CUDNN Version: 8.9.5

Operating System: Ubuntu 20.04.6 LTS

Python Version (if applicable): 3.10

Tensorflow Version (if applicable):

PyTorch Version (if applicable): 2.5.1

Baremetal or Container (if so, version):

Relevant Files

Model link:
EfficientLoFTR: https://drive.google.com/drive/folders/1nw1nhtInBfo65ux2I-GtaBXyTPLqtqnH
fp32 onnx model : https://drive.google.com/file/d/1jKXhOtj5-LfQqrRW0R4R7j3hcStGWTGW/view?usp=drive_link

Steps To Reproduce

The converted code(onnx2trt.py) I use to convert onnx to trt:

import os
import onnx
import tensorrt as trt
import numpy as np
import cv2
from tqdm import tqdm
import pycuda.driver as cuda
import pycuda.autoinit
import torch
from onnxsim import simplify

print(f"TensorRT Version:{trt.version}")

class CalibrationDataLoader:
def init(self, imgpath, input_shape=(1, 1, 640, 640), batch_size=2):
"""
Args:
imgpath (str): directory containing calibration images
input_shape (tuple): input shape (N,C,H,W)
batch_size (int): number of images per batch
"""
self.root_dir = imgpath
self.input_shape = input_shape
self.batch_size = batch_size
self.batch_idx = 0

    # Get all image files
    self.imgs = [os.path.join(imgpath, file) for file in os.listdir(imgpath) if file.endswith('jpg')]
    np.random.shuffle(self.imgs) 
    self.imgs = self.imgs[:300] 
    
    # Calculate maximum batch index
    self.max_batch_idx = len(self.imgs) // self.batch_size
    
    input_size = np.dtype(np.float32).itemsize * np.prod(input_shape)
    input_size = int(input_size) 
    
    self.device_input0 = cuda.mem_alloc(input_size)
    self.device_input1 = cuda.mem_alloc(input_size)
    
    print(f"Loaded {len(self.imgs)} images for calibration")
    
def preprocess_image(self, img_path):
    """Process single image following validation preprocessing"""
    try:
        # Read image in grayscale
        img = cv2.imread(img_path, cv2.IMREAD_GRAYSCALE)
        if img is None:
            raise ValueError(f"Failed to load image: {img_path}")
        
        # Resize to fixed 640x640
        img = cv2.resize(img, (640, 640))
        
        # Normalize to [0,1] and add batch/channel dimensions
        img = img.astype(np.float32) / 255.0
        img = img[None][None]  # Add batch and channel dimensions
        
        return img
        
    except Exception as e:
        print(f"Error processing image {img_path}: {str(e)}")
        return np.zeros(self.input_shape, dtype=np.float32)

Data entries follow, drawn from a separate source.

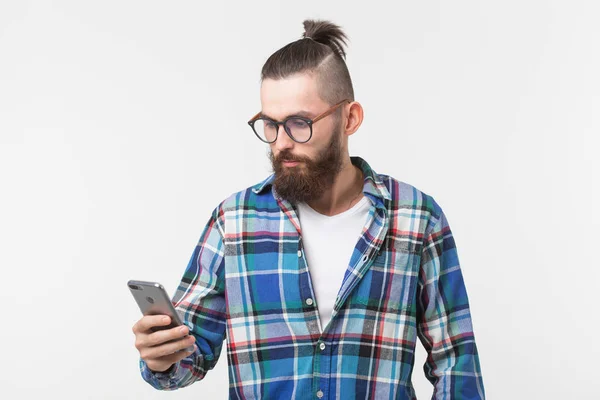 Технологии, мода и люди концепция - Крутой человек с бородой с помощью телефона на белом фоне — стоковое фото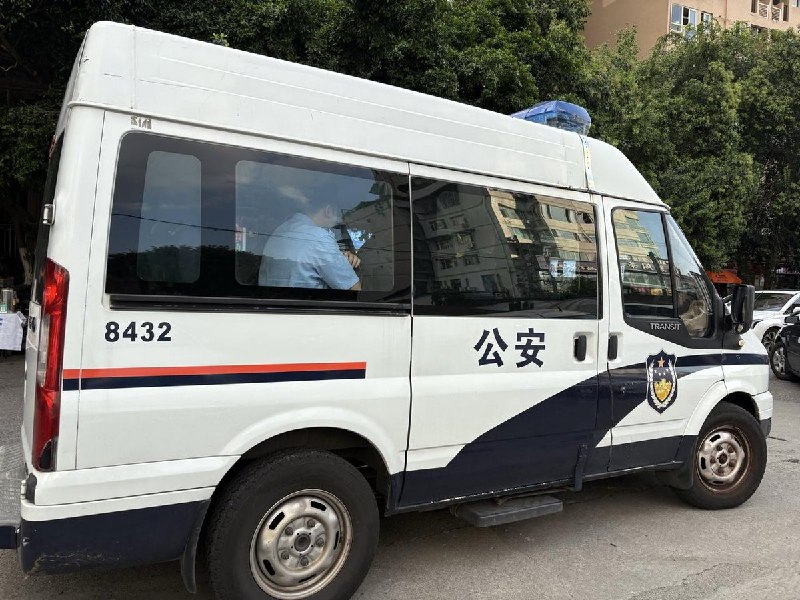 成都警方搜查基督教徒聚会现场8月13日晚，四川成都武侯区，适逢音乐教师华老师60岁大寿，其多名学生前往老师家中聚餐庆祝寿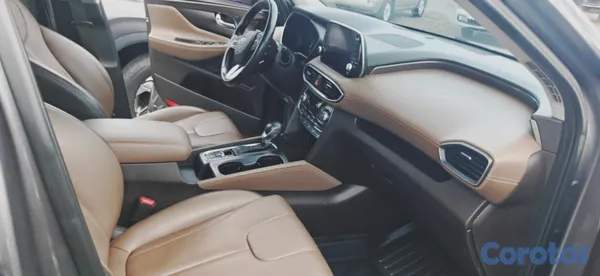 jeepetas y camionetas - JEEPETA HYUNDAI SANTA FE 2020 DIESEL  9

def get_batch(self, names, p_str=None):
    """Get next pair of images for calibration"""
    try:
        if self.batch_idx >= self.max_batch_idx:
            return None
            
        # Get pair of image paths
        img_path0 = self.imgs[self.batch_idx * 2]
        img_path1 = self.imgs[self.batch_idx * 2 + 1]
        
        # Process both images
        img0 = self.preprocess_image(img_path0)
        img1 = self.preprocess_image(img_path1)
        
        # Copy to GPU
        cuda.memcpy_htod(self.device_input0, img0)
        cuda.memcpy_htod(self.device_input1, img1)
        
        self.batch_idx += 1
        print(f"Batch: [{self.batch_idx}/{self.max_batch_idx}]")
        return [int(self.device_input0), int(self.device_input1)]
        
    except Exception as e:
        print(f"Error in get_batch: {str(e)}")
        return None

class INT8Calibrator(trt.IInt8EntropyCalibrator):
def init(self, dataloader):
trt.IInt8EntropyCalibrator.init(self)
self.dataloader = dataloader
self.cache_file = "calibration.cache"

def get_batch_size(self):
    return self.dataloader.batch_size
    
def get_batch(self, names, p_str=None):
    return self.dataloader.get_batch(names, p_str)
    
def read_calibration_cache(self):
    if os.path.exists(self.cache_file):
        print(f"Loading calibration cache: {self.cache_file}")
        with open(self.cache_file, "rb") as f:
            return f.read()
            
def write_calibration_cache(self, cache):
    print(f"Writing calibration cache: {self.cache_file}")
    with open(self.cache_file, "wb") as f:
        f.write(cache)
        f.flush()

def build_int8_engine(onnx_path, imgpath):
"""Build TensorRT engine with INT8 quantization"""
logger = trt.Logger(trt.Logger.INFO)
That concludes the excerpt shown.